Para todas as aplicações em que se pretende obter os efeitos directos da força a energia electrica é convertida em mecanica por meio dum motor electrico que dá impulso a uma maquina. A sua aplicação a transportes e comodidades é utilisada nos caminhos de ferro, automoveis, carros electricos e elevadores. Para fins industriais a electricidade é convertida em energia quimica por varios processos electro-quimicos, é em calar para as fornalhas electricas, cozinha e aparelhos de aquecimento de varios tipos e como já mencionamos em energia mecanica por via de motores electricos para ser utilisada como força motriz de toda a grande variedade de maquinas industriais.

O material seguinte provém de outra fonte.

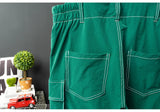 AIDASE  -  Men Y2K Bib Overalls Shorts Summer Multi Side Pockets Cargo Breeches Elastic Waist Fancy Color Thin Soft Coveralls Dungarees aidase-shop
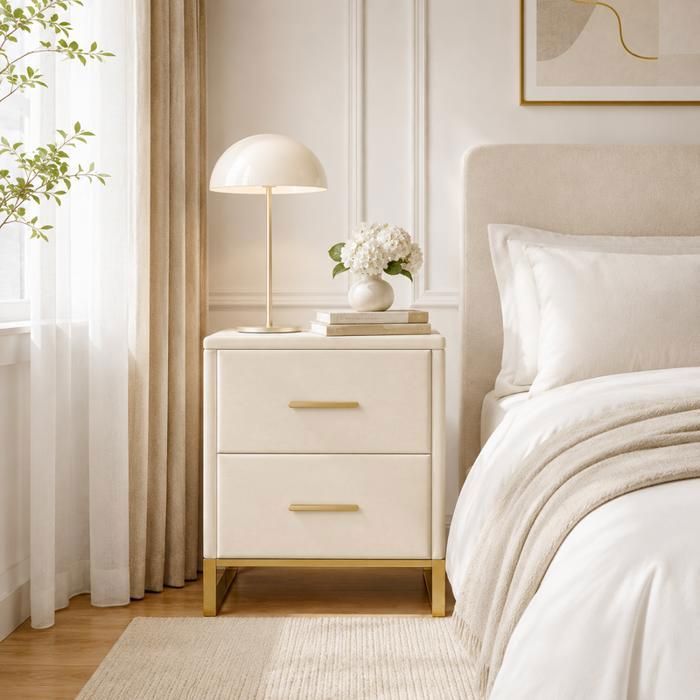 Lot de 2 Table de Chevet Table de Nuit avec 2 tiroirs Armoire de Chevet Poignées et Pieds Métal Doré 40×40×50 cm Velours Beige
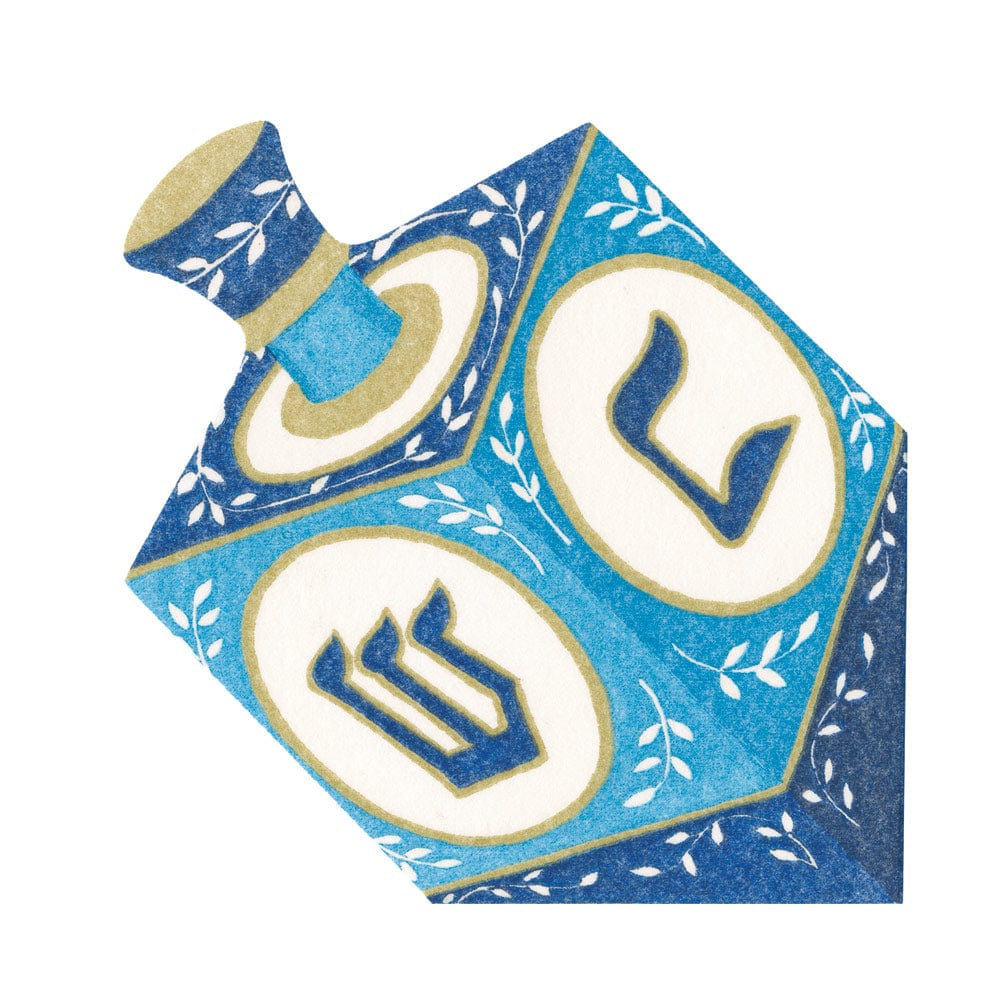 Caspari Dreidel Die-Cut Paper Linen Luncheon Napkins - Package of 15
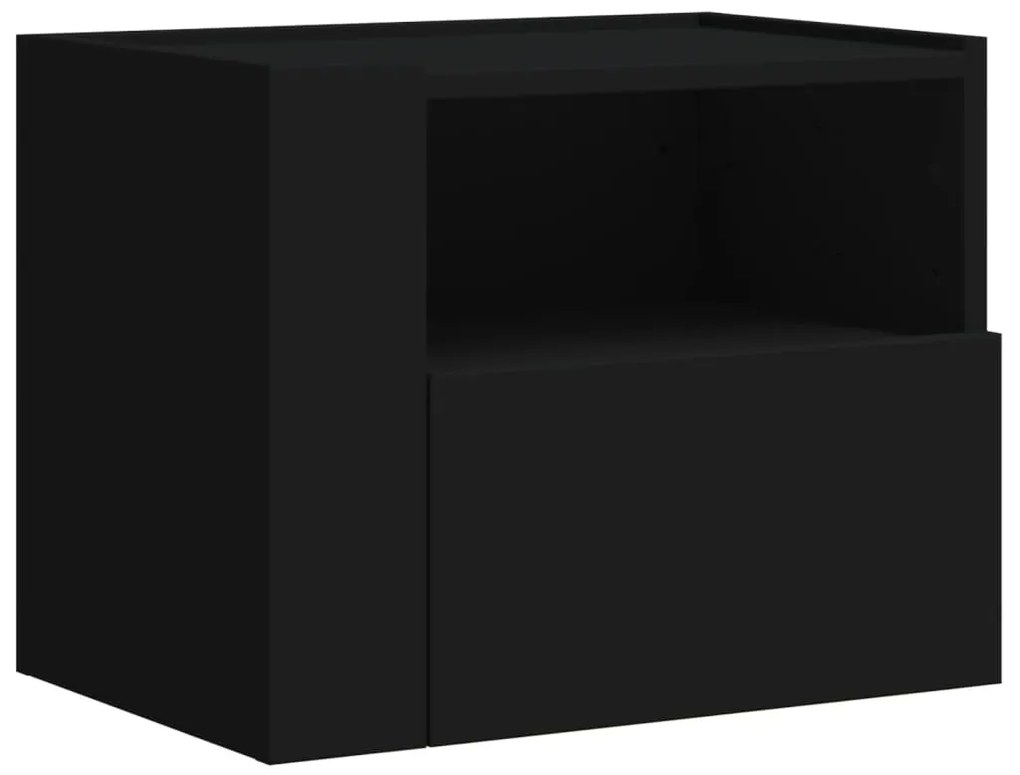 Mesas de cabeceira de parede 2 pcs 45x30x35 cm preto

Na industria, a força motriz mais utilisada até 1870 era a hidraulica; de então para cá o seu uso tem rapidamente declinado para dar lugar ao vapor que em 1900 atingiu o seu maximo de 78%. O aproveitamento do motor electrico tem sido simplesmente fenomenal; basta uma referencia ás estatisticas para nos convencermos do seu maravilhoso progresso. No periodo de 1899 a 1909, emquanto a utilisaçao do vapor e quedas d’agua tiveram um aumento de 80, o motor electrico teve um aumento de 900% e só para industrias manufactoras!!
A vantagem da electricidade para operações mineiras está completamente reconhecida, não só reduz o custo de laboração mas tambem oferece uma segurança e rendimento muito maior. O uso da electricidade dispensa a necessidade de grandes e complicadas canalisações de agua e ar comprimido as quais são dispendiosas de instalação e conservação e teem o perigo de rupturas e a dificuldade de obter a necessaria pressão com o aumento de superfície canalisada. Para estas condições a electricidade oferece grandes vantagens porque é facilmente montada e rapidamente aumentada sem interferir com o resto da instalação, de maneira a servir as mudanças exigidas pelo desenvolvimento da exploração mineira.
A superioridade da locomotiva electrica nas minas é geralmente reconhecida e é em grande parte devida ao grande rendimento util, resistencia mecanica e simplicidade de manobra.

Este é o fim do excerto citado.